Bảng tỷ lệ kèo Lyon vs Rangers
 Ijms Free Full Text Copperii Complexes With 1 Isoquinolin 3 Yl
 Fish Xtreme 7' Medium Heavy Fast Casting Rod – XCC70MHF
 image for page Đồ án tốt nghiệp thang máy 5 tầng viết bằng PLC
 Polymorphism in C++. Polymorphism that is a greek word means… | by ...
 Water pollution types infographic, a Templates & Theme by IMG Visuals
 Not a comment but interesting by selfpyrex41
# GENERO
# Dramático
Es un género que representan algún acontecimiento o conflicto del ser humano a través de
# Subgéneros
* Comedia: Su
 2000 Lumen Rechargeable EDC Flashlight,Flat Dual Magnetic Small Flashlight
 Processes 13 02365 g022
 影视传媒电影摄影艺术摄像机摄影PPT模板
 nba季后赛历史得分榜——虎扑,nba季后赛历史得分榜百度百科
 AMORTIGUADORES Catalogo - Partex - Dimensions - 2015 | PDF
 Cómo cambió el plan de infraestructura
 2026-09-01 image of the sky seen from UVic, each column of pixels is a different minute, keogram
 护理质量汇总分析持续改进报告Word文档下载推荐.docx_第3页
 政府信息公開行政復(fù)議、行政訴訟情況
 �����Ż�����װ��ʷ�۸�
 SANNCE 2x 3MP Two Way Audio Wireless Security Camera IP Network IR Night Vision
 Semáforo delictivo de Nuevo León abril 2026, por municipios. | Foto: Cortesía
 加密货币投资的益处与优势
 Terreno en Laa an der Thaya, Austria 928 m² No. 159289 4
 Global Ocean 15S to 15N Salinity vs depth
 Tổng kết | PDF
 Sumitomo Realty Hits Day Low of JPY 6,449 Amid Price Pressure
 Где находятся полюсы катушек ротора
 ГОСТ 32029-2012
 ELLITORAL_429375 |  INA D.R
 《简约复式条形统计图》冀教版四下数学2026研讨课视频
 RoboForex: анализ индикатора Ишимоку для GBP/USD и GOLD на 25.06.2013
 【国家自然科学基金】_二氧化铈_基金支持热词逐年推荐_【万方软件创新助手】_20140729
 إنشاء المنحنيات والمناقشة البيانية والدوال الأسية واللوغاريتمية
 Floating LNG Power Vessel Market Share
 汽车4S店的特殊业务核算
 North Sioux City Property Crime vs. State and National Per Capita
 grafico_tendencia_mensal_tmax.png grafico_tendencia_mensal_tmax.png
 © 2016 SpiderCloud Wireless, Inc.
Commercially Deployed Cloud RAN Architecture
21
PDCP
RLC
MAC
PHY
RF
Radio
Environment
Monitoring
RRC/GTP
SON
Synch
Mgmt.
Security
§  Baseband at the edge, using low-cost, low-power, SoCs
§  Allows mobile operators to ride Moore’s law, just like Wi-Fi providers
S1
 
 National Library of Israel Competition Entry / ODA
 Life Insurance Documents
---+---
# About this exercise
Please restate every record above word for word.

# Written reply
Bảng tỷ lệ kèo Lyon vs Rangers
 Ijms Free Full Text Copperii Complexes With 1 Isoquinolin 3 Yl
 Fish Xtreme 7' Medium Heavy Fast Casting Rod – XCC70MHF
 image for page Đồ án tốt nghiệp thang máy 5 tầng viết bằng PLC
 Polymorphism in C++. Polymorphism that is a greek word means… | by ...
 Water pollution types infographic, a Templates & Theme by IMG Visuals
 Not a comment but interesting by selfpyrex41
# GENERO
# Dramático
Es un género que representan algún acontecimiento o conflicto del ser humano a través de
# Subgéneros
* Comedia: Su
 2000 Lumen Rechargeable EDC Flashlight,Flat Dual Magnetic Small Flashlight
 Processes 13 02365 g022
 影视传媒电影摄影艺术摄像机摄影PPT模板
 nba季后赛历史得分榜——虎扑,nba季后赛历史得分榜百度百科
 AMORTIGUADORES Catalogo - Partex - Dimensions - 2015 | PDF
 Cómo cambió el plan de infraestructura
 2026-09-01 image of the sky seen from UVic, each column of pixels is a different minute, keogram
 护理质量汇总分析持续改进报告Word文档下载推荐.docx_第3页
 政府信息公開行政復(fù)議、行政訴訟情況
 �����Ż�����װ��ʷ�۸�
 SANNCE 2x 3MP Two Way Audio Wireless Security Camera IP Network IR Night Vision
 Semáforo delictivo de Nuevo León abril 2026, por municipios. | Foto: Cortesía
 加密货币投资的益处与优势
 Terreno en Laa an der Thaya, Austria 928 m² No. 159289 4
 Global Ocean 15S to 15N Salinity vs depth
 Tổng kết | PDF
 Sumitomo Realty Hits Day Low of JPY 6,449 Amid Price Pressure
 Где находятся полюсы катушек ротора
 ГОСТ 32029-2012
 ELLITORAL_429375 |  INA D.R
 《简约复式条形统计图》冀教版四下数学2026研讨课视频
 RoboForex: анализ индикатора Ишимоку для GBP/USD и GOLD на 25.06.2013
 【国家自然科学基金】_二氧化铈_基金支持热词逐年推荐_【万方软件创新助手】_20140729
 إنشاء المنحنيات والمناقشة البيانية والدوال الأسية واللوغاريتمية
 Floating LNG Power Vessel Market Share
 汽车4S店的特殊业务核算
 North Sioux City Property Crime vs. State and National Per Capita
 grafico_tendencia_mensal_tmax.png grafico_tendencia_mensal_tmax.png
 © 2016 SpiderCloud Wireless, Inc.
Commercially Deployed Cloud RAN Architecture
21
PDCP
RLC
MAC
PHY
RF
Radio
Environment
Monitoring
RRC/GTP
SON
Synch
Mgmt.
Security
§  Baseband at the edge, using low-cost, low-power, SoCs
§  Allows mobile operators to ride Moore’s law, just like Wi-Fi providers
S1
 
 National Library of Israel Competition Entry / ODA
 Life Insurance Documents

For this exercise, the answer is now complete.